1

What are the consequences of breaking production for a struggling engineer?

Profile picture
Entry-Level Software Engineer at Taro Community9 months ago

This is a serious question involving a friend who met only 3 out of 5 expectations during his mid-year review. He was hired as an IC2 and is about to reach the one-year mark. His team allowed him to approve and merge his own code into production, which resulted in a crash of the application server and AWS environment. This constitutes his first mistake, and someone has contacted the VP in the organization. What potential consequences could he face?

185
7

Discussion

(7 comments)
  • 4
    Profile picture
    Thoughtful Tarodactyl
    Taro Community
    9 months ago

    As other commenters have alluded to, this sounds like a process failure - no one engineer/person should be allowed to merge code without other reviewers, and ideally there is a validation process/test environment so that such errors are caught long before the buggy code hits production.

    If your friend made a best effort to test their code and followed the established code-deployment process at their company, perhaps this is an opportunity to improve the process. If not, hopefully this gets resolved without too much consequence, and they can "go slow to go fast" next time.

  • 4
    Profile picture
    Founder of Expanded Skills • Former Head of Engineering
    9 months ago

    Is it a telltale sign if none of his teammates are talking to him anymore, except for his manager, and they are no longer reviewing his code? This started after the server crashed the other day.

    Doesn't sound like a healthy work environment at all.

    Like others have mentioned, the right intervention is a system level fix (i.e broken process without enough guardrails).

    It is normal to be very stressed and worried in his situation. However, the right course of action for him is to have a very candid conversation that covers:

    • Acknowledge what he could have done better and show the preventative measures put in place, so that it's unlikely to happen again
    • Transition from the prior point to needing some help at the system/process level to make sure it's fixed properly

    I wouldn't be opposed if he started looking for another job since the trust is completely fractured here and I personally wouldn't be comfortable working with colleagues that leave you to suffer just to avoid the blast radius.

  • 3
    Profile picture
    Eng @ Taro
    9 months ago

    I've tried to break down some action items in the immediate term, short term, and long term:

    Can they roll back their code immediately to not let the wound bleed any further? It sounds like they are trying to do a forward fix, but it's taking a while. I would at least try to mitigate the current problem and bring the system to a stable state. They will need to do as much damage control right now to not let the problem compound further.

    In the short term, I would make sure that new PRs have a code review from a different person before they can be merged in. The PR descriptions should have a template that include what the author did to test their code. I would also try to schedule a retrospective to outline what went wrong and what process changes could have helped prevent the issue. This can be presented to leadership to try to help save your friend by diverting the attention from him onto the missing processes.
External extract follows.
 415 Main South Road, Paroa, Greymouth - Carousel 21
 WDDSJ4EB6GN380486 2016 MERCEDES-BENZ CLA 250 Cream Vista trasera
    In the long term, I would make sure there is some staging environment with either automated tests or manual tests that can detect the most basic, and most impactful, outages.

  • 2
    Profile picture
    Eng @ Taro
    9 months ago

    Not all mistakes are equal, so it depends on the severity of the crash that he caused: was it due to negligence, how long was the outage, and were they actively involved in the process to fix the mistake?

    His team allowed him to approve and merge his own code into production

    By approve and merge his own code, does this mean that no one reviewed his code before he could merge it?
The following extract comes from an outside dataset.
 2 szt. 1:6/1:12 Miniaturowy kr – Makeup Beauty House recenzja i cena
    If the engineer made a mistake because they didn't even run through the most basic flow to check that their code works, I would have a discussion about them about this.

    It also sounds like there are really tight guardrails around software engineers if they were just able to gain the privilege to merge in code even though they've been at the company for almost one year. There has to be freedom for engineers to be able to make mistakes so they can grow.

    I would look at whether there could be any process changes that could have prevented this issue. Is there a staging environment that runs tests on the new build that could have caught this issue before it was deployed to production?

  • 1
    Profile picture
    Tech Lead @ Robinhood, Meta, Course Hero
    9 months ago

    It really depends on how healthy (or unhealthy) the engineering culture of the organization is. I have seen both ends of the spectrum:

    • Worst case: Literally fired
    • Best case: Company embraces blameless culture and treats it as a learning and growth opportunity

    My advice for your friend is the following:

    • Have an honest conversation with their manager - They need to figure out if this incident dings them, and if so, by how much. Follow the advice here: [Masterclass] How To Work Better With Your Engineering Manager
    • Publicly learn from the experience - Their #1 priority should be to show the team that they're 100% serious about learning from this mistake, becoming a better engineer, and striving to never make a similar mistake ever again. The best companies have blameless culture and post-mortems, and every engineer can help foster that culture by showing a growth mentality and being humble with their mistakes. Here's a good thread about all that: "How to turn a string of silly mistakes into a mature positive outcome?"
  • 1
    Profile picture
    Entry-Level Software Engineer [OP]
    Taro Community
    9 months ago

    I was shock when he told me there was no code review for it. That can’t be he told me it was rushing to get it into production. It was mostly negligence. He spend all day in fixing it and the fix hasn’t been deployed yet. Last time we spoke his manager was fighting for him. There was no immediate deadline guess he was being very hubris/egoistical.

  • 0
    Profile picture
    Entry-Level Software Engineer [OP]
    Taro Community
    9 months ago

    Is it a telltale sign if none of his teammates are talking to him anymore, except for his manager, and they are no longer reviewing his code? This started after the server crashed the other day.